| Your goal |
Copy, word for word, the lines below from the one containing "Victoria’s Secret PINK" up to and including the one containing "Drive Medical Whisper", with pictures left out.

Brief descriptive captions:
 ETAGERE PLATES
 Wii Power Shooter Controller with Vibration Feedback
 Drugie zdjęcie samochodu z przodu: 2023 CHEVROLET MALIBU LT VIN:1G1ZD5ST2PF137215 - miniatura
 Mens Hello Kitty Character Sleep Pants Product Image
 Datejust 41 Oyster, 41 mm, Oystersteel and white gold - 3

--

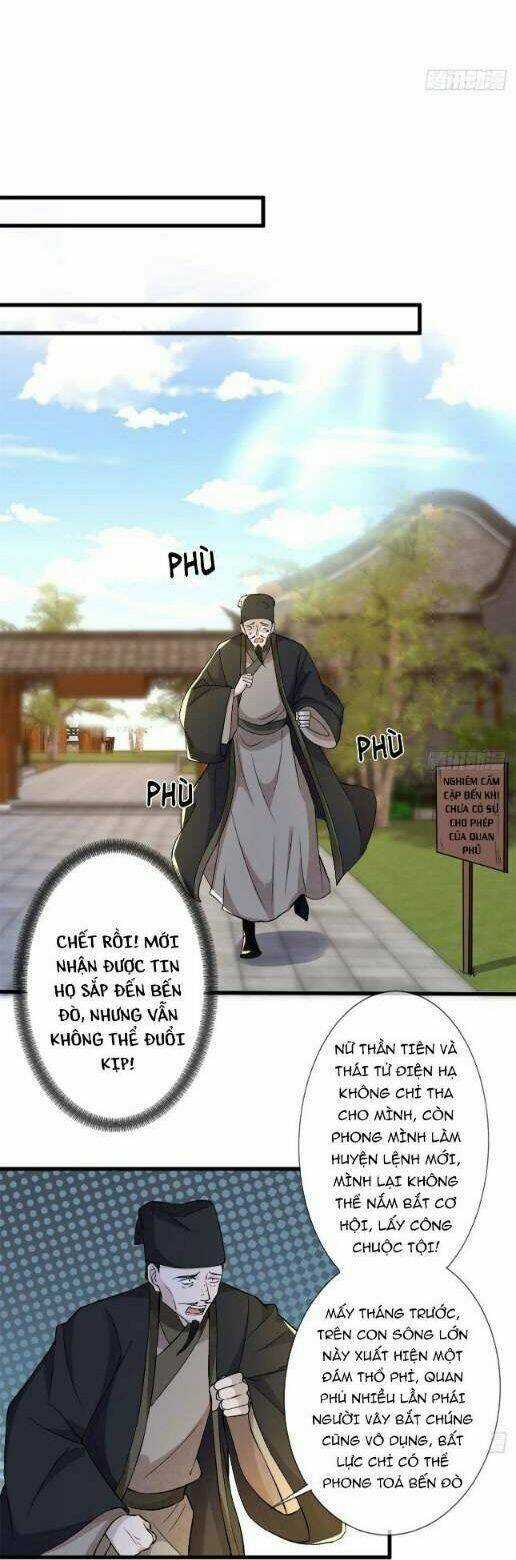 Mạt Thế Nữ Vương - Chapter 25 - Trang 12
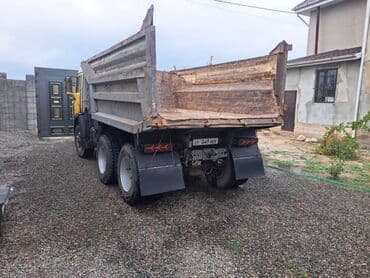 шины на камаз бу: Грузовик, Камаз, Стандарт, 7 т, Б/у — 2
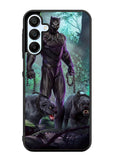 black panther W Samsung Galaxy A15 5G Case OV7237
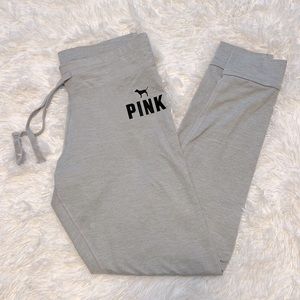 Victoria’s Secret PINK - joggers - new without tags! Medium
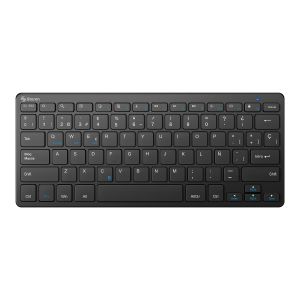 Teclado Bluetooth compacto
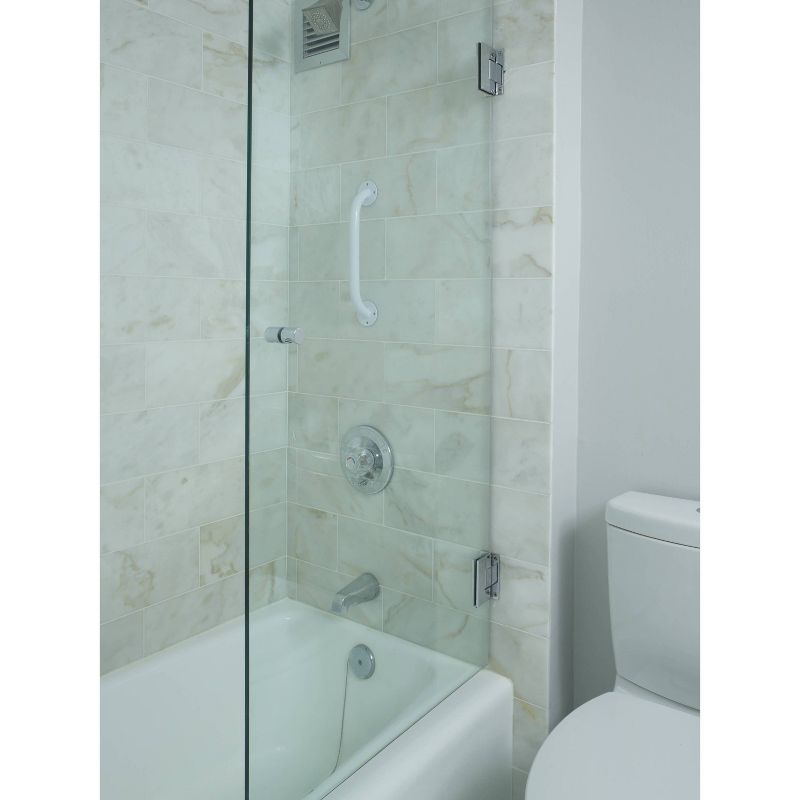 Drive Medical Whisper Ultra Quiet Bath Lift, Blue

| Task solution |
 Victoria’s Secret PINK - joggers - new without tags! Medium
 Teclado Bluetooth compacto
 Drive Medical Whisper Ultra Quiet Bath Lift, Blue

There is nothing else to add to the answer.